I’m usually someone who is never at a loss for words. Whether it’s writing or speaking. Where five words will do, I am like “What the heck, I’m going to use twenty-five.” Not because I waffle or talk about irrelevant matters, I only reserve that treat for my husband, but because I like to go into all the intricate details. I like to set the scene, background and foreground for every story I tell, so that the listener/reader can be transported to that moment and take the walk with me. Even if it’s as simple as my trip to the park, on a cold but bright day, when the haze from the sun put an extra stride in my step, lifting my spirits from the drear of winter… You get my drift?

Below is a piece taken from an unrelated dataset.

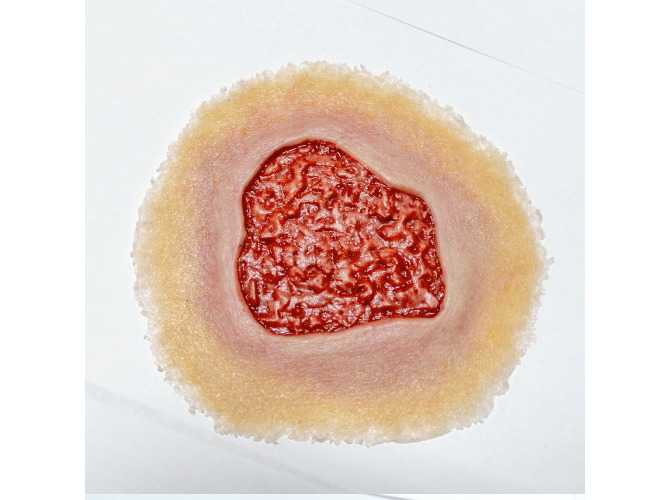 Granulation_SelfAdhesive_LT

But lately I’ve been struggling to write. The phrases have not been coming to my mind, or if they are about to appear, my own criticism does not let me join them together to form sentences. My thoughts are distracted by real life, the realness that my writing usually lets me escape from. And I feel sad. I feel like a failure because I started something that I could not continue; my blog. I feel like I have let myself down, by not pursuing this dream that I was so in love with only a few months ago. But most of all, I feel lonely. My writing is usually my companion, my imaginary friend that can listen to all my problems, hopes and dreams. From whom I walk away comforted, like a huge weight has been lifted off my shoulders.

Lately this friend has gone into hiding. Probably because I have not invested time into our friendship. If I’m honest with myself, I have been avoiding her for a variety of reasons, mostly linked to my own dissatisfaction with myself. But I do not want to lose her. That I know for sure.

So, for now, even if the words don’t flow I will enjoy the silence of her company. Rather than keep my laptop closed, I will have my writing page open, at least twice a week, and mull over my thoughts with my dear companion. After all, a good friendship is one where you can sit together in silence but still feel at peace. That can happen, but only if I allow it.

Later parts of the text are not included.